**Task:** Count every line in the entries below that contains the word "premium", and give only that number.

[Excerpts from a dataset]
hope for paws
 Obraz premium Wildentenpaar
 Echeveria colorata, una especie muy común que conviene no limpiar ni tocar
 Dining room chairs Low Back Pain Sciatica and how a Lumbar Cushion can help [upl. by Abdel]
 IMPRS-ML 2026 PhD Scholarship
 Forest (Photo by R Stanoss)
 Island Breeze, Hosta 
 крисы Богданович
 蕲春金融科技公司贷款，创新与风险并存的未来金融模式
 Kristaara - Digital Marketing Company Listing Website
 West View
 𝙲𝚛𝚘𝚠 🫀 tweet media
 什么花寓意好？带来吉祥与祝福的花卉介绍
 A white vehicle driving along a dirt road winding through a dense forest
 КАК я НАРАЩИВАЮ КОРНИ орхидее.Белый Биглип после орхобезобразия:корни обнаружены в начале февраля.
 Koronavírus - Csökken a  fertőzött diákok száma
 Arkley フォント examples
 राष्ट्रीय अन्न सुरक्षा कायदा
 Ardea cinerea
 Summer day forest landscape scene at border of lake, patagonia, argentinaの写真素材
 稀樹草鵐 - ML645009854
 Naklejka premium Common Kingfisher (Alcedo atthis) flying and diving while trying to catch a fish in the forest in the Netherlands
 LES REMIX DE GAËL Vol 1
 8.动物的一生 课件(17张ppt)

**Task answer:** 2